| Task details |
Each entry that follows should be set down precisely, with its pictures removed.

| Supplied material |
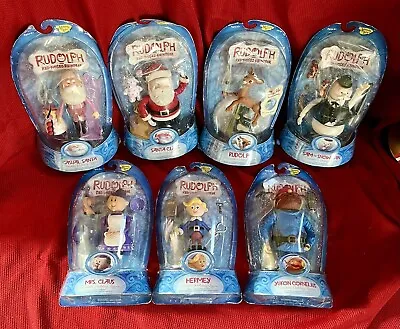 Lot Of 7 Rudolph The Red Nosed Reindeer Memory Lane Figures Island Misfit Toys • $188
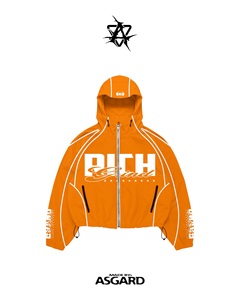 Conjunto de Sudadera con Cremallera y Pantalones Orange State |   Chándal Oversize de Estilo Urbano |   Fabricante de Marca Privada OEM - Product Image 2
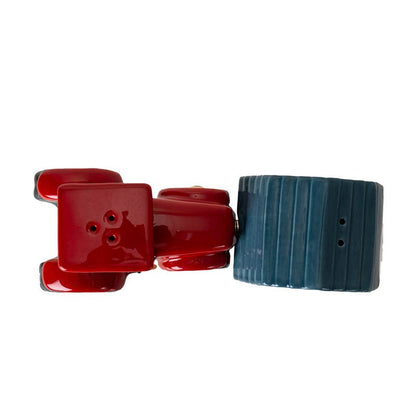 Conjunto de saleiro e pimenteiro Tractor & Barn 16126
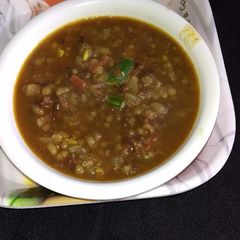 A picture of Moth masala dal.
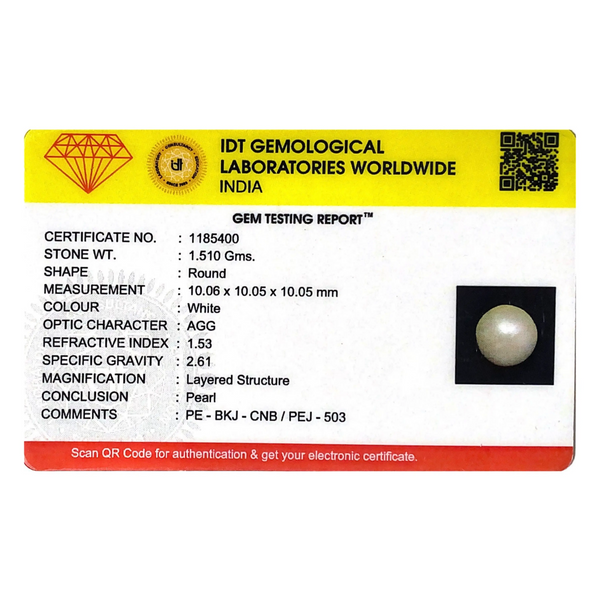 Pearl - 7.55 Carat - Pramogh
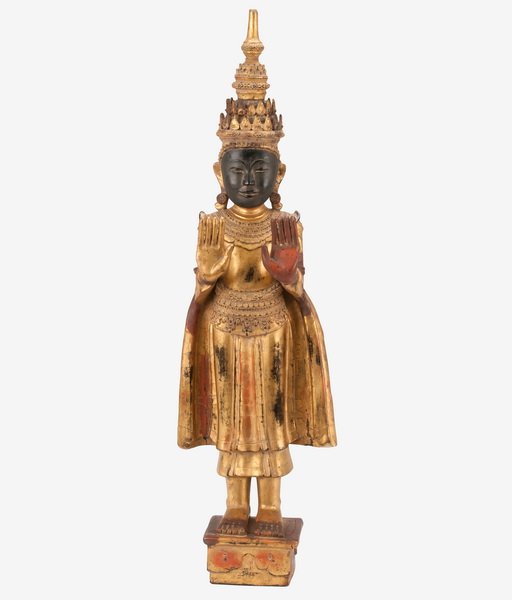 THAI CARVED WOOD BUDDHA (1 of 10)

| Expected output |
 Lot Of 7 Rudolph The Red Nosed Reindeer Memory Lane Figures Island Misfit Toys • $188
 Conjunto de Sudadera con Cremallera y Pantalones Orange State |   Chándal Oversize de Estilo Urbano |   Fabricante de Marca Privada OEM - Product Image 2
 Conjunto de saleiro e pimenteiro Tractor & Barn 16126
 A picture of Moth masala dal.
 Pearl - 7.55 Carat - Pramogh
 THAI CARVED WOOD BUDDHA (1 of 10)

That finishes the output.